__Work item__.
Print exactly and only the lines that run from the one containing "Rugged white camper" through the end of the material, please, omitting pictures.

__Supplied records__.
-------------------------
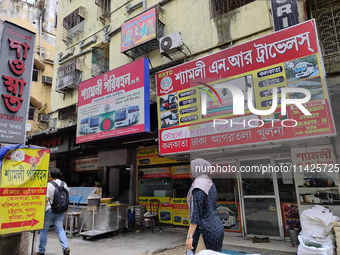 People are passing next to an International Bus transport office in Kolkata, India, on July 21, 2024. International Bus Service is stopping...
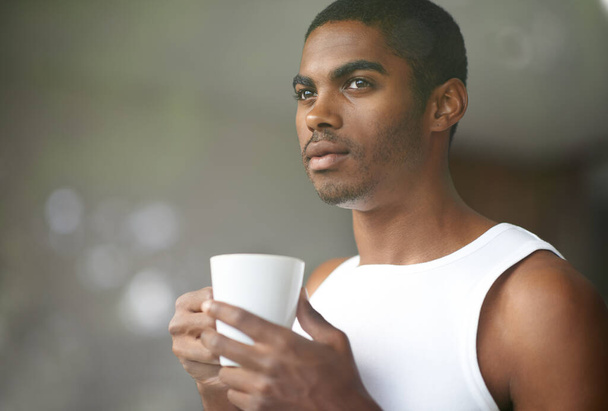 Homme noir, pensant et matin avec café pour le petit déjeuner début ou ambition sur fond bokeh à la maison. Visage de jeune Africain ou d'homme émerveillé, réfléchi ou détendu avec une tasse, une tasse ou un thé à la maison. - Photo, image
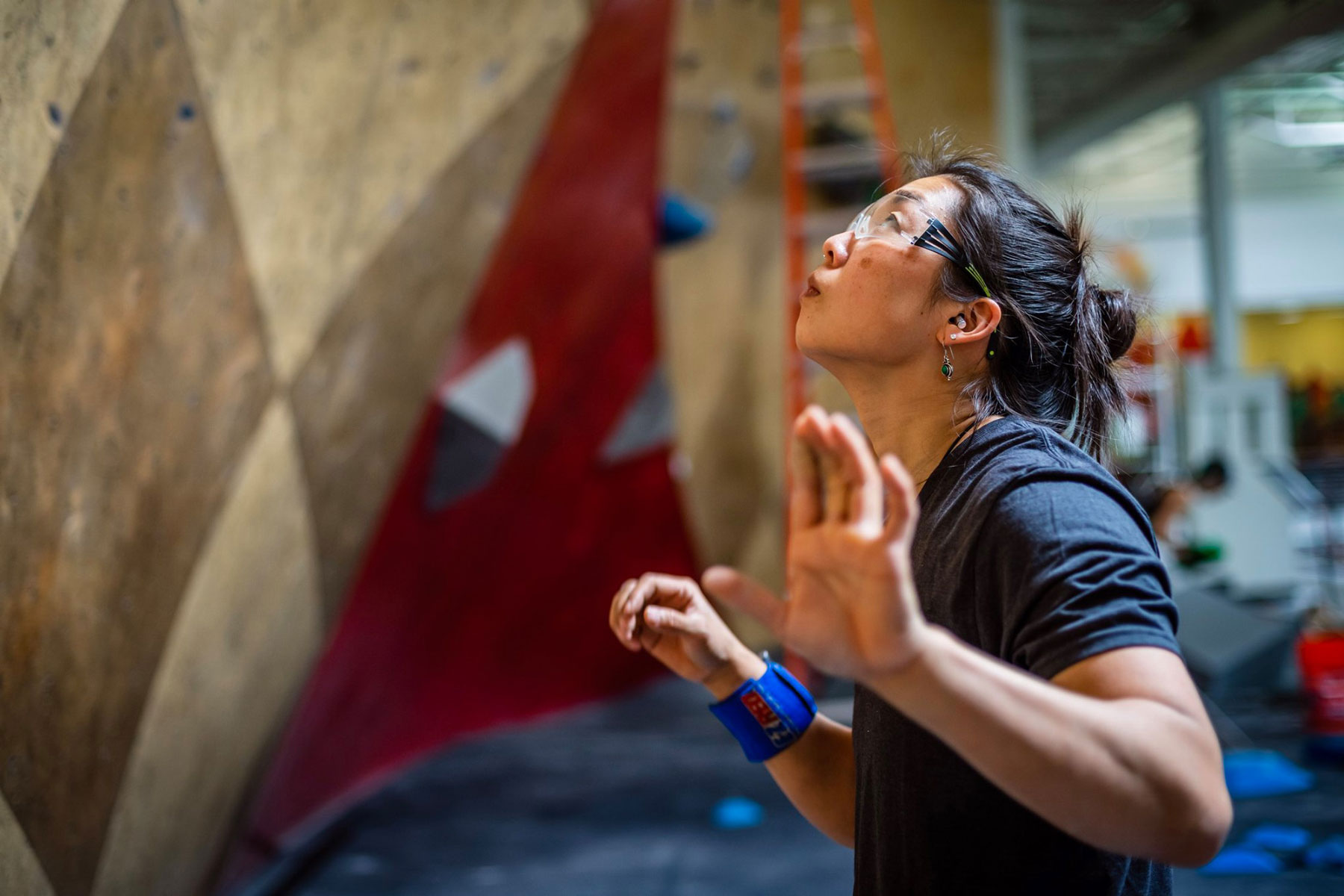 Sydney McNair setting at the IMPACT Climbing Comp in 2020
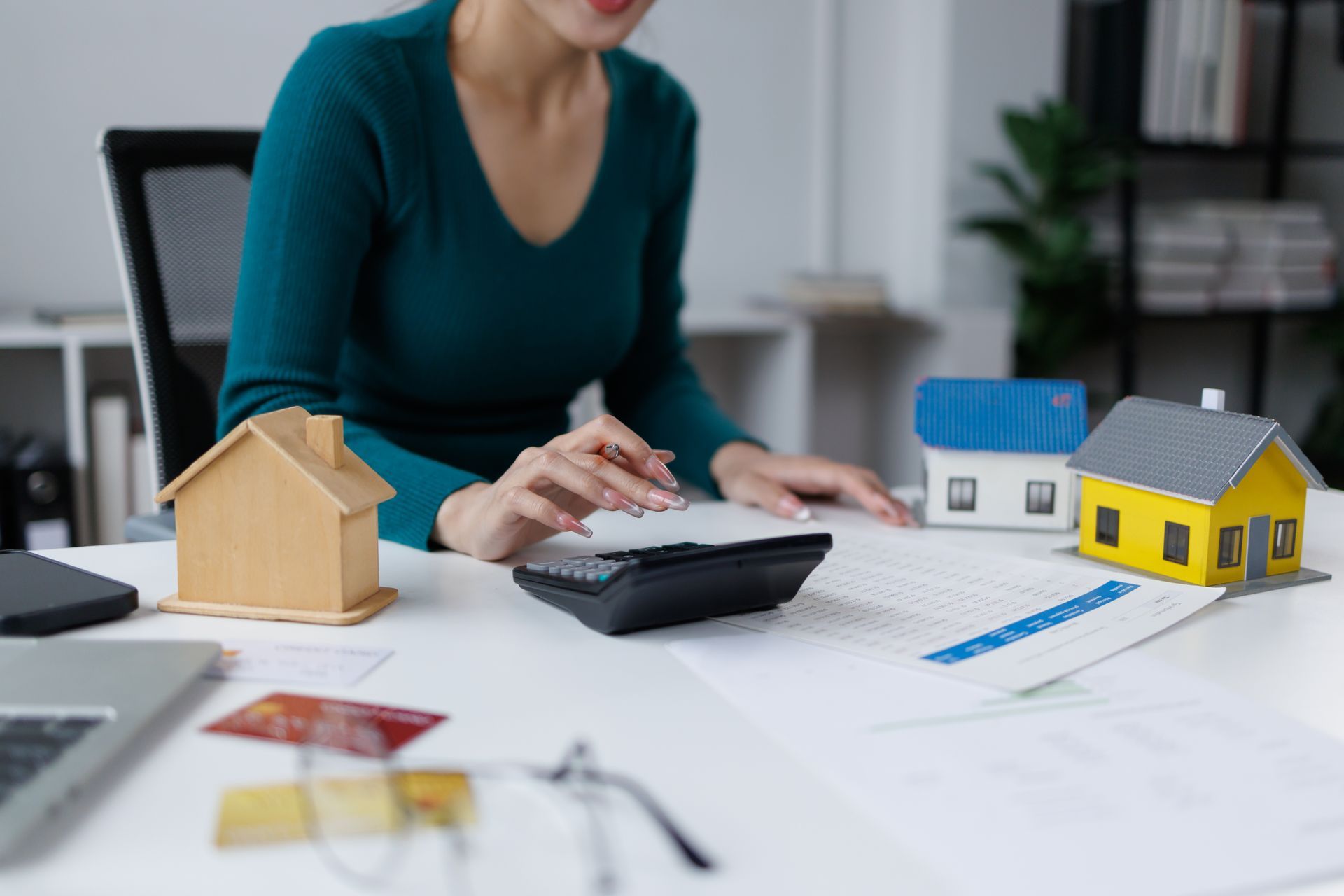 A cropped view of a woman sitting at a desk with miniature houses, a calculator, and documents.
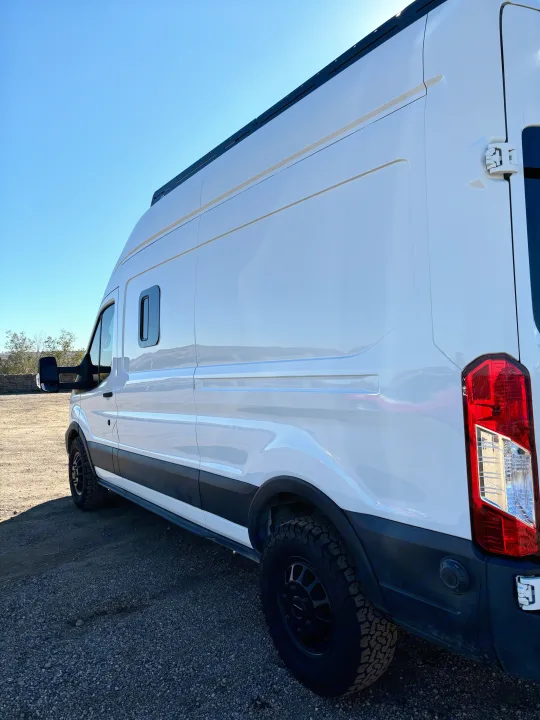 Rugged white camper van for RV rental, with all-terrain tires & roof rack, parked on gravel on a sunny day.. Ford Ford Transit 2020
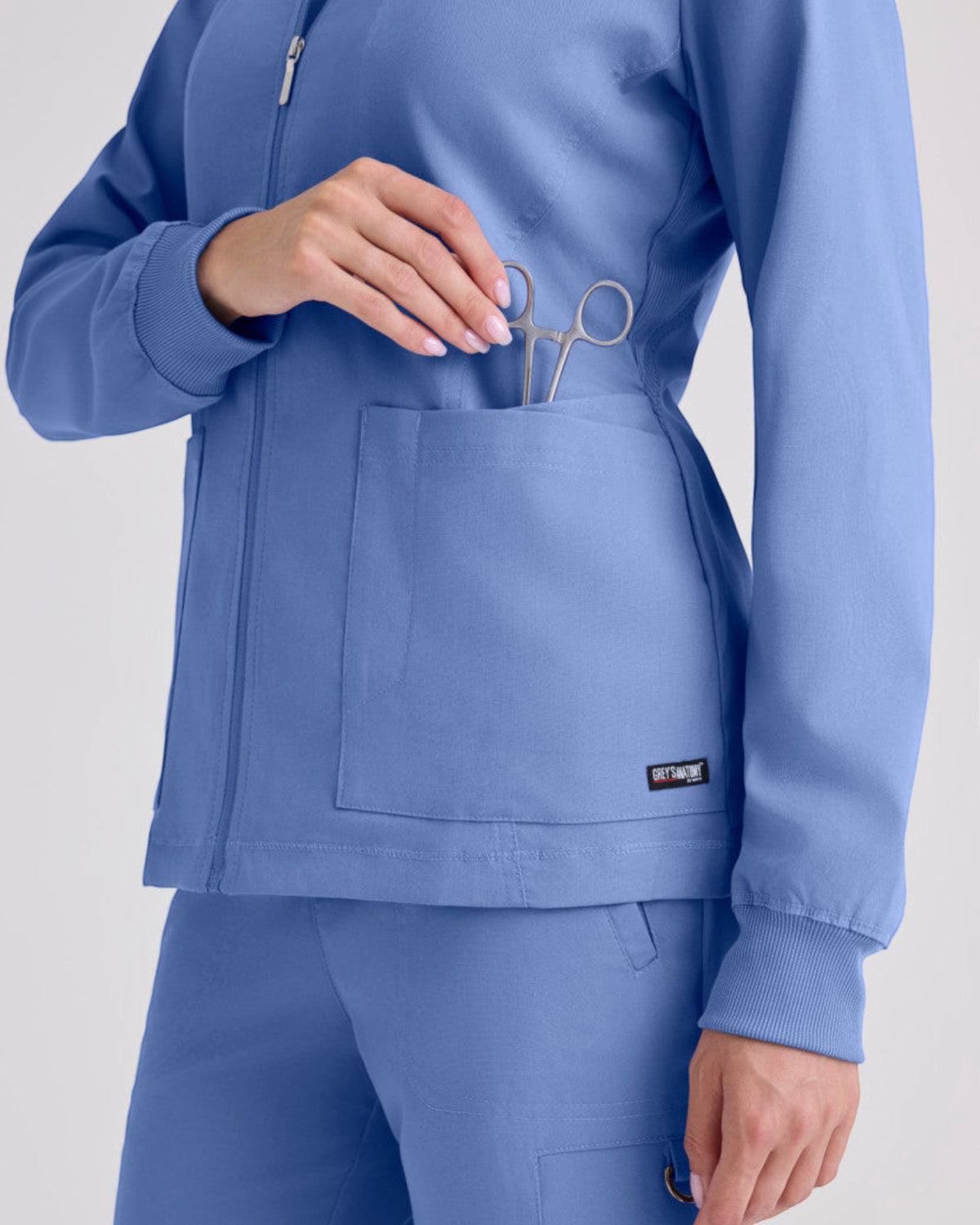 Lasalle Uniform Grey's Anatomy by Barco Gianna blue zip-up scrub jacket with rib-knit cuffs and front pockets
-------------------------
__Response to the task__.
 Rugged white camper van for RV rental, with all-terrain tires & roof rack, parked on gravel on a sunny day.. Ford Ford Transit 2020
 Lasalle Uniform Grey's Anatomy by Barco Gianna blue zip-up scrub jacket with rib-knit cuffs and front pockets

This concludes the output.